[Captioned web image data]
+===+

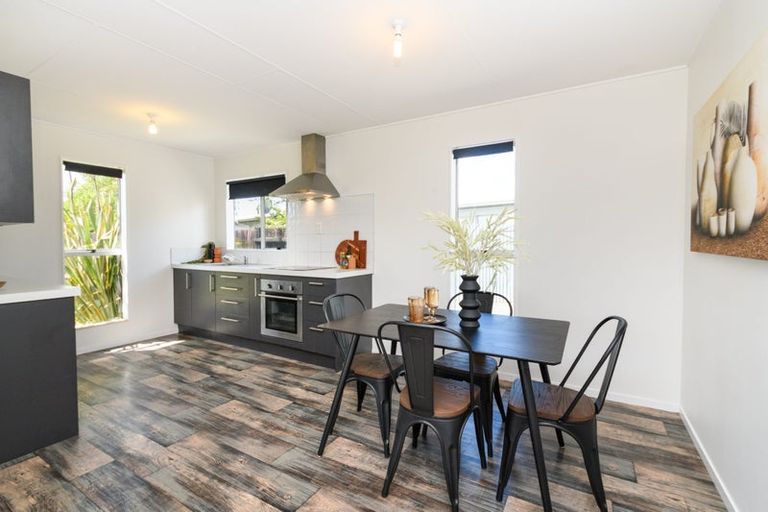 Photo of property in 36 Acacia Street, Kelvin Grove, Palmerston North, 4414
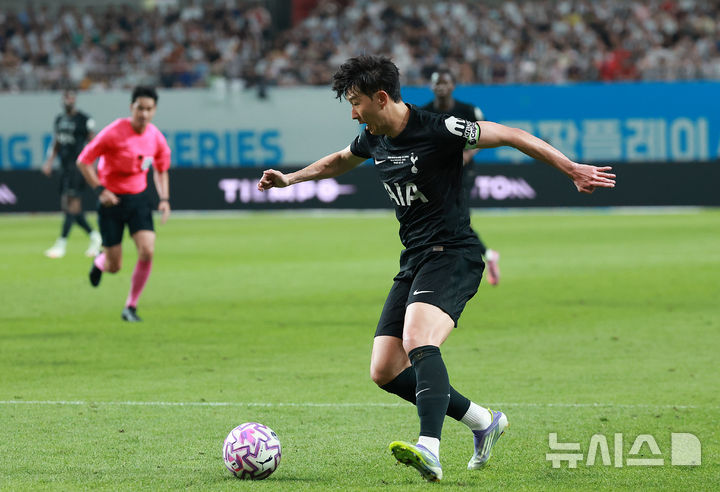 [서울=뉴시스] 이영환 기자 = 3일 오후 서울 마포구 서울월드컵경기장에 열린 2025 쿠팡플레이시리즈 뉴캐슬 유나이티드와 토트넘 홋스퍼의 경기 후반전, 토트넘 손흥민이 돌파를 하고 있다. 2025.08.03. 20hwan@newsis.com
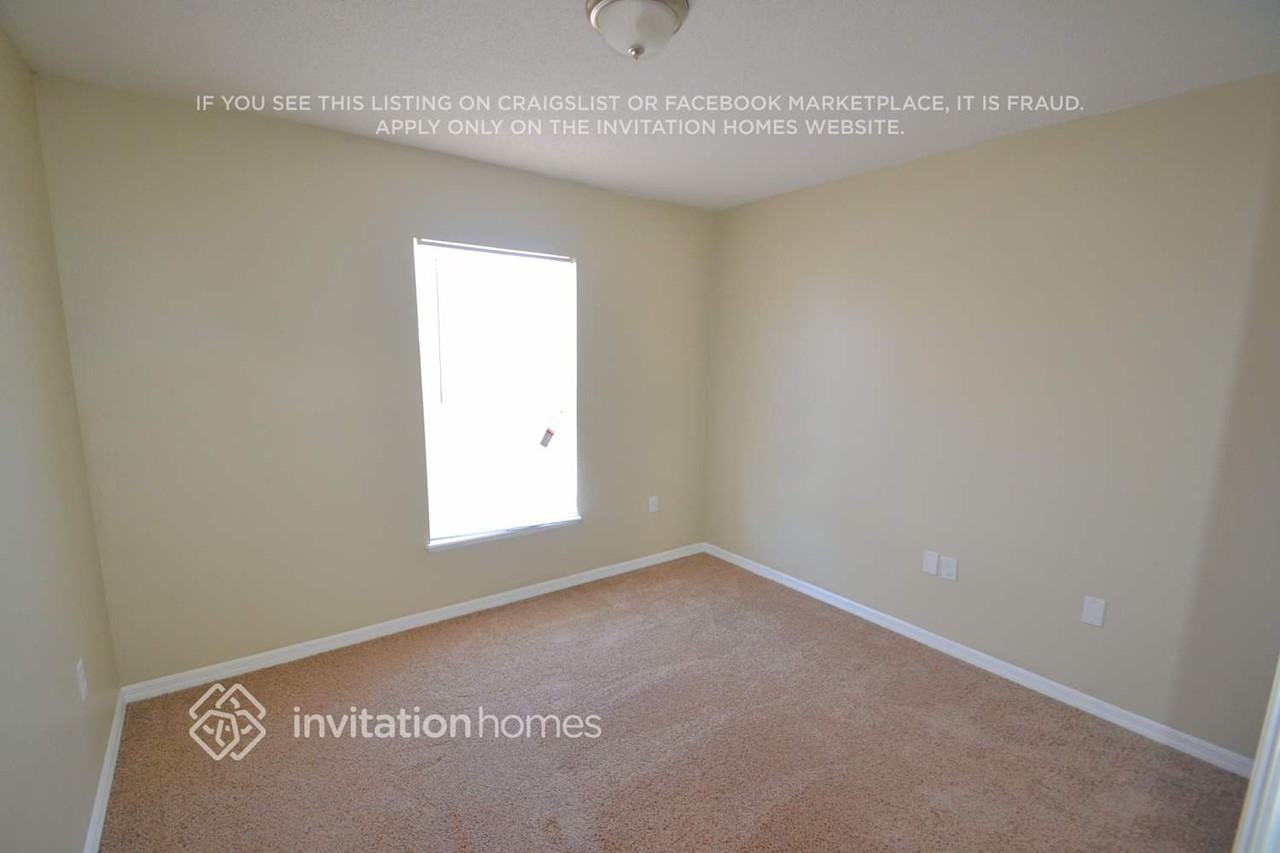 3074 Mapleshade St - Photo 7 of 13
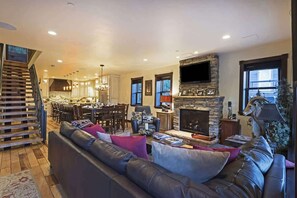 TV, fireplace, offices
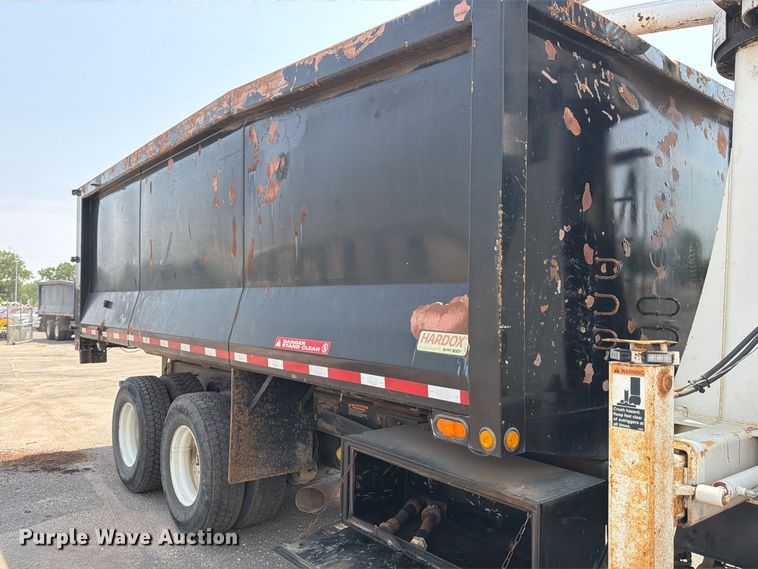 image for item MZ9847 2016 International 7400 grapple crane truck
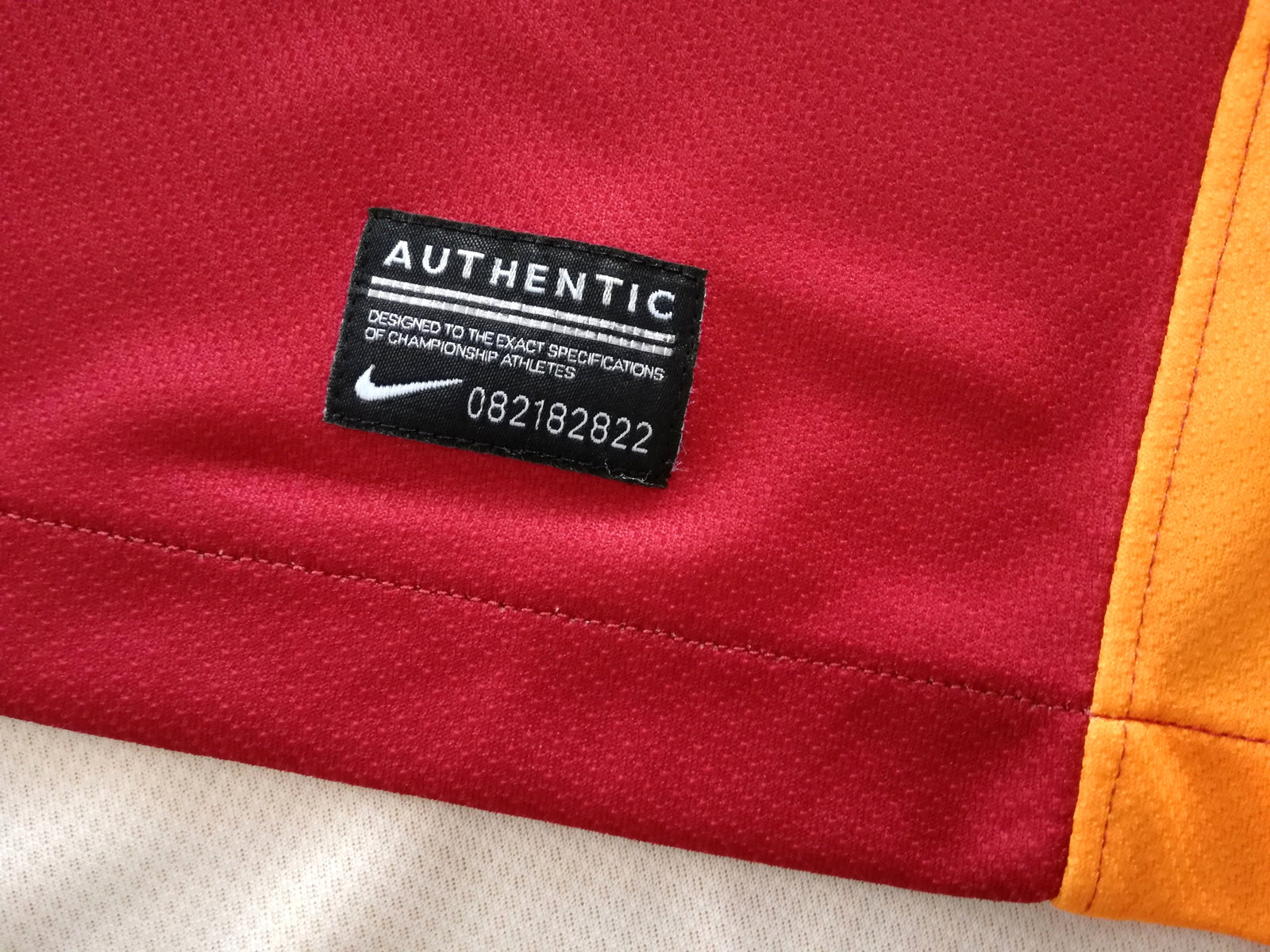 2013/14 Galatasaray Home Football Shirt (XL)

+===+

Return verbatim every line from the one holding "image for item" to the end of the records above. Do not copy the pictures.

Task output –
 image for item MZ9847 2016 International 7400 grapple crane truck
 2013/14 Galatasaray Home Football Shirt (XL)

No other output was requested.